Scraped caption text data
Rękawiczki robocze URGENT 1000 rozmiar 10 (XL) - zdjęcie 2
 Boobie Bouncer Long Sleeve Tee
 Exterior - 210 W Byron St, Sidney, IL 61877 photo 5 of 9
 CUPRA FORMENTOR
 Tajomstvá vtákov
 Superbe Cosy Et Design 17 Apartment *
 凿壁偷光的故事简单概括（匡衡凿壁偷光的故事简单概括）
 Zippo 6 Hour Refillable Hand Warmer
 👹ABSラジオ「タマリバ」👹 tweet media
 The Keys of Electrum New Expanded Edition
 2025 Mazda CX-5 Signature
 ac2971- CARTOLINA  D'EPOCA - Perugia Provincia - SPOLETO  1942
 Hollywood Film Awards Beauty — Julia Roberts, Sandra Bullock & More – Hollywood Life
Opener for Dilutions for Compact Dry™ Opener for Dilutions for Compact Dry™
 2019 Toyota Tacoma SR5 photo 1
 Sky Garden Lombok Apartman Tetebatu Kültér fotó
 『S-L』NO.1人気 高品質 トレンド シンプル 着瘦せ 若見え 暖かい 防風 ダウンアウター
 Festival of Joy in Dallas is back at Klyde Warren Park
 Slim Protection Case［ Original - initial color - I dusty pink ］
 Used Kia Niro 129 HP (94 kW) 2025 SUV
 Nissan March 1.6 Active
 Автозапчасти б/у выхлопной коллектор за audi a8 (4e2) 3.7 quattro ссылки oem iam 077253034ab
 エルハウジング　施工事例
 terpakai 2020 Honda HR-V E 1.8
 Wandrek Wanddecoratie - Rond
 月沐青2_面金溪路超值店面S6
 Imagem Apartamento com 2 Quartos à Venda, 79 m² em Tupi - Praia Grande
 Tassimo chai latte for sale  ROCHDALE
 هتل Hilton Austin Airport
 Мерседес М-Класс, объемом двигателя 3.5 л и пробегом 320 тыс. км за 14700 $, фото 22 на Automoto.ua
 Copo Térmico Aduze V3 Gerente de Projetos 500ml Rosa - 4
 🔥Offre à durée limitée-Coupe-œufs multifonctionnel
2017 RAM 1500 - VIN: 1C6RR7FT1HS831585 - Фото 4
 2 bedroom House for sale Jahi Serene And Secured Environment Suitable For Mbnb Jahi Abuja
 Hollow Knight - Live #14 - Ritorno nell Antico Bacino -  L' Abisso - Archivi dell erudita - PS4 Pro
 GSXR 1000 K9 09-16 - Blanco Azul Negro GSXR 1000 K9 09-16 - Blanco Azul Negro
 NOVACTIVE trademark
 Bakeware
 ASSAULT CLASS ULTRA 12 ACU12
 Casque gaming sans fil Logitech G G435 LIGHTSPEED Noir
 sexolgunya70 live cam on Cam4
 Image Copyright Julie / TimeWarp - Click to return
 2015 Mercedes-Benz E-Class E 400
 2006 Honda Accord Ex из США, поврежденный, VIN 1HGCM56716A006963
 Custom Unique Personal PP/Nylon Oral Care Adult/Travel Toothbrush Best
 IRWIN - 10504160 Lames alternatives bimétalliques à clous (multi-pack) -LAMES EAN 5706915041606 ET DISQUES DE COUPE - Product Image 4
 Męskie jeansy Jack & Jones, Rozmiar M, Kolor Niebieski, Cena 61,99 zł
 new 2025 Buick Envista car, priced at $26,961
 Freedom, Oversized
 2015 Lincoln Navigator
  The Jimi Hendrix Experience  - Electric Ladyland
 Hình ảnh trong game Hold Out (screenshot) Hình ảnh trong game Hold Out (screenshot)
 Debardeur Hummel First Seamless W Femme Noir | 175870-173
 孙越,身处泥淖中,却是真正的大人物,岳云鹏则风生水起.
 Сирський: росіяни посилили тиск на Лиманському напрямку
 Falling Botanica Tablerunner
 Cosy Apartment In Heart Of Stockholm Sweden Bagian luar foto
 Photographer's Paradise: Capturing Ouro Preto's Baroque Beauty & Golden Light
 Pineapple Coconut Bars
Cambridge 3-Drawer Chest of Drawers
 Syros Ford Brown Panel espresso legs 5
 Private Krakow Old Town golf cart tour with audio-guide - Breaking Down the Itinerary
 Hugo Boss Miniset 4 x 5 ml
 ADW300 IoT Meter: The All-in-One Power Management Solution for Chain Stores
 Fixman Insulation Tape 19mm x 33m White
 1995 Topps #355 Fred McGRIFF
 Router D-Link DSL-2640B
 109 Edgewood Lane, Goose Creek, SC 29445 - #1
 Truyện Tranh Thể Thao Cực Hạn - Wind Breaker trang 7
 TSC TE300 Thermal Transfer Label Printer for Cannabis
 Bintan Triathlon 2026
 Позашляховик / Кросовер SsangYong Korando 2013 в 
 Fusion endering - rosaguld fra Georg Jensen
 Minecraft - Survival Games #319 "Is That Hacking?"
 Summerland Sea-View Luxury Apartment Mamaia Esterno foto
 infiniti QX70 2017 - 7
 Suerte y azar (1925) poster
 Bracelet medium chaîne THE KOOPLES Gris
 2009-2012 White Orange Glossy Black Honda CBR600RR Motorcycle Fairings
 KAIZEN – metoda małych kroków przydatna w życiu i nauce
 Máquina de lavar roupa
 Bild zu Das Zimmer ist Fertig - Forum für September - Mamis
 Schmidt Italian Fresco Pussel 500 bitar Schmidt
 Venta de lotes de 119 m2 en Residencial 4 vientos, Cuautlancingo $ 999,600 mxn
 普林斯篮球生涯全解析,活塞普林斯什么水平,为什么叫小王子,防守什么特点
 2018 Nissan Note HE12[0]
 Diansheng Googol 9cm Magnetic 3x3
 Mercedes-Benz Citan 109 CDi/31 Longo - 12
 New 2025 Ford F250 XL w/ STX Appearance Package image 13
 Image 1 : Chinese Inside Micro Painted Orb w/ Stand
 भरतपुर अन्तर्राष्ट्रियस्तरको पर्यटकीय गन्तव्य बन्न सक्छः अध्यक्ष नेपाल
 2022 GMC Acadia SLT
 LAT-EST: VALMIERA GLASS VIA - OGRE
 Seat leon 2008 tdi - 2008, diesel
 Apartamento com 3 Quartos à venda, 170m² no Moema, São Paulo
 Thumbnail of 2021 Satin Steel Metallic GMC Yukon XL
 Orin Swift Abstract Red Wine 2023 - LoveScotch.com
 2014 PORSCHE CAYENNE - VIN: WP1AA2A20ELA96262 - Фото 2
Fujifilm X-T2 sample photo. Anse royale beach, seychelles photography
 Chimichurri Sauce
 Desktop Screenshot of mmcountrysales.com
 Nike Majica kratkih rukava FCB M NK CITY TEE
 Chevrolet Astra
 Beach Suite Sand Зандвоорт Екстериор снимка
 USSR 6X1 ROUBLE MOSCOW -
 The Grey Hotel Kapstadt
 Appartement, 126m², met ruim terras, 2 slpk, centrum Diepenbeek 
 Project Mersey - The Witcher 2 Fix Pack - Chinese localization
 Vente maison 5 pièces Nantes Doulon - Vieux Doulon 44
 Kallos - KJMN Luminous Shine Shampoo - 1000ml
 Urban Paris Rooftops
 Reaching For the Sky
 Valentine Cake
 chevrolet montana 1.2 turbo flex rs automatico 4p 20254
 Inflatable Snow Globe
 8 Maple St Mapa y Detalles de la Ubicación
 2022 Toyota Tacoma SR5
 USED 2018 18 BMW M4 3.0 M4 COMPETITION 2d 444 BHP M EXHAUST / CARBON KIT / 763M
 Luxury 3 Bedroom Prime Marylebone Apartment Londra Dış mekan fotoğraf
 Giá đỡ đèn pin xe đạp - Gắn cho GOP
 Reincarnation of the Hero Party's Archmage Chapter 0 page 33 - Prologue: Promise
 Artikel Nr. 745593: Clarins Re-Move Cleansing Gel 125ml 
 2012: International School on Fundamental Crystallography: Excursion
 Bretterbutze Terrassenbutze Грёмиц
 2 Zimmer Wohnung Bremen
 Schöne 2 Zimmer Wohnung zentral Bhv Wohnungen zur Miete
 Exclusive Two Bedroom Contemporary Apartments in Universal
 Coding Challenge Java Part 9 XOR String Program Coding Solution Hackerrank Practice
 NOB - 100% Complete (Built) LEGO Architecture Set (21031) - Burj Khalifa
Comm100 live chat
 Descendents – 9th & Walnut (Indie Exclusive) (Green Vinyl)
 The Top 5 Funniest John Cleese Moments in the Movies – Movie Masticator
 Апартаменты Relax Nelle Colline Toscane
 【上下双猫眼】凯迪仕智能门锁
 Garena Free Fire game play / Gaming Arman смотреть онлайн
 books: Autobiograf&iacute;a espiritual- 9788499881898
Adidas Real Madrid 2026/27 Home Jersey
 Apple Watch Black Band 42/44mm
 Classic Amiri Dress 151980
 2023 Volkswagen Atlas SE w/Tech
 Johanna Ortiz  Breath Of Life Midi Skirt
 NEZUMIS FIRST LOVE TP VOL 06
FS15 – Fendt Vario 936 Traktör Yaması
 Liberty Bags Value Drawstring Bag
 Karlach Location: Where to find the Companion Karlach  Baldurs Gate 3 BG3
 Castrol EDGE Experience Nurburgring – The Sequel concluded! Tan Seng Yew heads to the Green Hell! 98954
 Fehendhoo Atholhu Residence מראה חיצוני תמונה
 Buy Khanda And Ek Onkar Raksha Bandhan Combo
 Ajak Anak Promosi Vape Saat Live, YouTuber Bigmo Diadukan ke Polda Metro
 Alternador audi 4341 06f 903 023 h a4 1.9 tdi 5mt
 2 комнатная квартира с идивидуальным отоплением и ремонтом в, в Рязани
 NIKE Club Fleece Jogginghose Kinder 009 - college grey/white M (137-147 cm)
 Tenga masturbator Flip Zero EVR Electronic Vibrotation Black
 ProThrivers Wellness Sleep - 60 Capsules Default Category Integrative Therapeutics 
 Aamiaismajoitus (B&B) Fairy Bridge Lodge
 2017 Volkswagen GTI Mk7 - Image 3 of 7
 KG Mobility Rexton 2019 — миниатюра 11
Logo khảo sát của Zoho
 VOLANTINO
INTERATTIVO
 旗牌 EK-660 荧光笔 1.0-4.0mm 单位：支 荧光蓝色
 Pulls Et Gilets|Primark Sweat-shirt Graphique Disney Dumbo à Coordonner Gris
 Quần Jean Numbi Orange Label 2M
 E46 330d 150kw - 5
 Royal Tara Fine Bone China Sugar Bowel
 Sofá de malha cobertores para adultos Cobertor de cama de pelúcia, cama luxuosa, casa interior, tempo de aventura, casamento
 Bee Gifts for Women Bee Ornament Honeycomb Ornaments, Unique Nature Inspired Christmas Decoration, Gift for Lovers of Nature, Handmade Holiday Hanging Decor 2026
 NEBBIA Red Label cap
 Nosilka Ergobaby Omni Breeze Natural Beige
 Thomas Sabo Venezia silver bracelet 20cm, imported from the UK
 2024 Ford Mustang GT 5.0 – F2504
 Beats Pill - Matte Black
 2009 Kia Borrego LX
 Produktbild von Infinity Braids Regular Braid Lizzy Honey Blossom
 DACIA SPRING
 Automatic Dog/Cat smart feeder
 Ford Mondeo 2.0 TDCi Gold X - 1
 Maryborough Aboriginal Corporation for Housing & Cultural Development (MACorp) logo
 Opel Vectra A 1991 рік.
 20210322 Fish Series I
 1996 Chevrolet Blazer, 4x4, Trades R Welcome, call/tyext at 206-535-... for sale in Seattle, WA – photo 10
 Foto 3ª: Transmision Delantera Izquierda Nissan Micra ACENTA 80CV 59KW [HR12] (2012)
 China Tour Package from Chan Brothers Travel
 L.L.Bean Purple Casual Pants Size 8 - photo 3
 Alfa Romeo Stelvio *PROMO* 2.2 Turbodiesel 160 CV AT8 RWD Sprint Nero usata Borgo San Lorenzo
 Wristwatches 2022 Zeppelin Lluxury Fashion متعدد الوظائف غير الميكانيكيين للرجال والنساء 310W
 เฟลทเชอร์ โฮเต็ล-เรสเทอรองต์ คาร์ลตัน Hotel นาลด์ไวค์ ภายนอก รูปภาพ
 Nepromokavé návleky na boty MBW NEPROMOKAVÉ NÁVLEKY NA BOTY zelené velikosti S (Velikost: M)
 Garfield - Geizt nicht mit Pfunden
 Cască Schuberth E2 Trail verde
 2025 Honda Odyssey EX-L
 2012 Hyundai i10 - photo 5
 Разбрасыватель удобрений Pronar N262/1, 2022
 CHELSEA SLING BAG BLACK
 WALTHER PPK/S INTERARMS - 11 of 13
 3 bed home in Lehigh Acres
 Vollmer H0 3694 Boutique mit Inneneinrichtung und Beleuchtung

TASK INSTRUCTIONS
Copy the lines of the data above exactly as written, beginning with the line containing "Diansheng Googol 9cm Magnetic 3x3" and ending with the line containing "2022 Toyota Tacoma SR5", and leave out all other lines.

COMPLETED TASK
 Diansheng Googol 9cm Magnetic 3x3
 Mercedes-Benz Citan 109 CDi/31 Longo - 12
 New 2025 Ford F250 XL w/ STX Appearance Package image 13
 Image 1 : Chinese Inside Micro Painted Orb w/ Stand
 भरतपुर अन्तर्राष्ट्रियस्तरको पर्यटकीय गन्तव्य बन्न सक्छः अध्यक्ष नेपाल
 2022 GMC Acadia SLT
 LAT-EST: VALMIERA GLASS VIA - OGRE
 Seat leon 2008 tdi - 2008, diesel
 Apartamento com 3 Quartos à venda, 170m² no Moema, São Paulo
 Thumbnail of 2021 Satin Steel Metallic GMC Yukon XL
 Orin Swift Abstract Red Wine 2023 - LoveScotch.com
 2014 PORSCHE CAYENNE - VIN: WP1AA2A20ELA96262 - Фото 2
Fujifilm X-T2 sample photo. Anse royale beach, seychelles photography
 Chimichurri Sauce
 Desktop Screenshot of mmcountrysales.com
 Nike Majica kratkih rukava FCB M NK CITY TEE
 Chevrolet Astra
 Beach Suite Sand Зандвоорт Екстериор снимка
 USSR 6X1 ROUBLE MOSCOW -
 The Grey Hotel Kapstadt
 Appartement, 126m², met ruim terras, 2 slpk, centrum Diepenbeek 
 Project Mersey - The Witcher 2 Fix Pack - Chinese localization
 Vente maison 5 pièces Nantes Doulon - Vieux Doulon 44
 Kallos - KJMN Luminous Shine Shampoo - 1000ml
 Urban Paris Rooftops
 Reaching For the Sky
 Valentine Cake
 chevrolet montana 1.2 turbo flex rs automatico 4p 20254
 Inflatable Snow Globe
 8 Maple St Mapa y Detalles de la Ubicación
 2022 Toyota Tacoma SR5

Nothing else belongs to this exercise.